To begin, let me say that all members of Pop's crew knew we were most fortunate to have Geoffrey Porter as our Skipper. He was a highly skilled and experienced pilot, as well as having the best of leadership qualities as an RAF Officer and Captain of our Halifax aircraft.
Our Skipper gave the order to bail out. I followed Don Hall, our bombaimer, out the front hatch and Ken Wilman, our rear gunner, went out from his position at the same time. I could see his parachute in the moonlight and we were able to get together soon after coming down in a Dutch farm field. Ken and I were to evade capture for the next ten days, during which time we made night calls on farm houses for food and water. There was no question on whose side these Dutch people were on, but the penalty for helping escaped prisoners was very severe so we kept our visits short. Ken, being from Rhodesia spoke some Afrikaans which was similar to Dutch, and this helped us communicate. However, the Dutch Underground was not too well organized at this stage of the war, so we did not come upon any help of this type.
In the end, while taking cover in a farm shed, our presence was detected by a dog and before we could move we found ourselves looking into revolvers held by the local police, and had to surrender. We were taken first to a large German airbase near Eindhoven, where we met a German pilot who said he had shot our aircraft down. After interogation by Gestapo in an Amsterdam prison and at a Luftwaffe transit camp near Frankfurt, we were taken across Germany in a railway boxcar to a large POW camp near Breslau (now part of Poland).

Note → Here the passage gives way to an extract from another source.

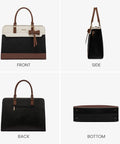Women Laptop Tote Bag Waterproof Leather Work Bag Spacious Computer Handbag With Durable Bottom Feet, front, side, back, bottom view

I might mention here that prisoners taken during the Dieppe raid were also brought to this camp soon after my arrival. I was at this camp, known as Stalag 8B, Lamsdorf, from August '42 until September '43. Then, in company with two other airforce chaps, one of which was Frank Linklater from my old crew, I did what was called a swop-over, or exchange of identity, with a British Army chap who had been taken prisoner at Dunkirk in 1940 and who was scheduled to be taken out of the camp on a working party to a place that we later found was called Auschwitz.
Many years later, at the time of the Gulf War, I finally decided to record the story of "My Remembrance", telling of the balance of the time I spent as a Kriegsgefangene, and in particular of Franz Irving who was one of the many prisoners in the Auschwitz concentration camp.